Data excerpt section start
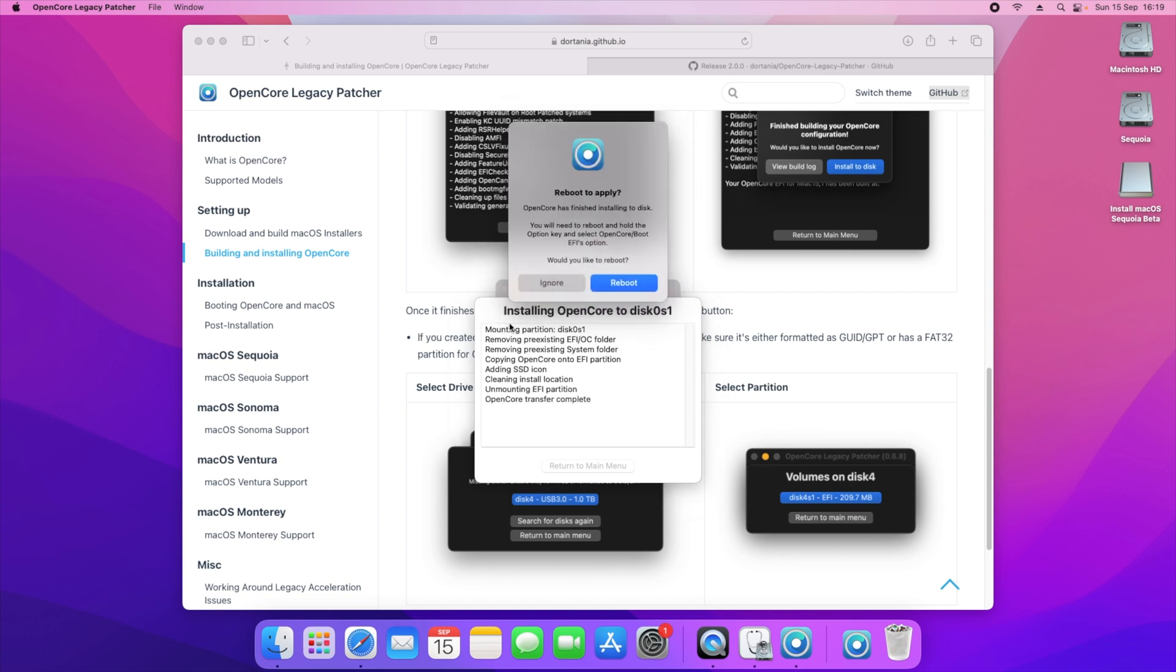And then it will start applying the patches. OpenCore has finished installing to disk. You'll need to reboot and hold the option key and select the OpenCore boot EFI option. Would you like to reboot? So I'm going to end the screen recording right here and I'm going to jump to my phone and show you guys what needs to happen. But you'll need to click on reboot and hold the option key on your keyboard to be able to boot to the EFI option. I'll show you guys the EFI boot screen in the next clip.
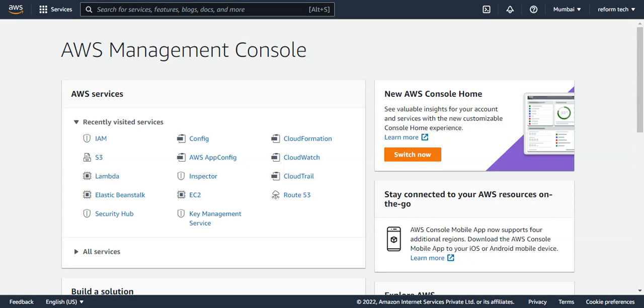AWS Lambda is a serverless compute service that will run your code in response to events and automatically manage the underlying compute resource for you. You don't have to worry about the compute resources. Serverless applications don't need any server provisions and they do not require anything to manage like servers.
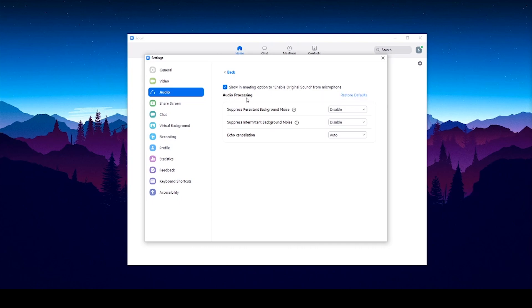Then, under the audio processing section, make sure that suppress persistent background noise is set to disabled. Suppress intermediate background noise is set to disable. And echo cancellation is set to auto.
Data excerpt section end
_Work required_: Your answer should be the lines above from the one that contains "AWS Lambda is" through the last, set down exactly, with the pictures removed.

_Task output_:
AWS Lambda is a serverless compute service that will run your code in response to events and automatically manage the underlying compute resource for you. You don't have to worry about the compute resources. Serverless applications don't need any server provisions and they do not require anything to manage like servers.
Then, under the audio processing section, make sure that suppress persistent background noise is set to disabled. Suppress intermediate background noise is set to disable. And echo cancellation is set to auto.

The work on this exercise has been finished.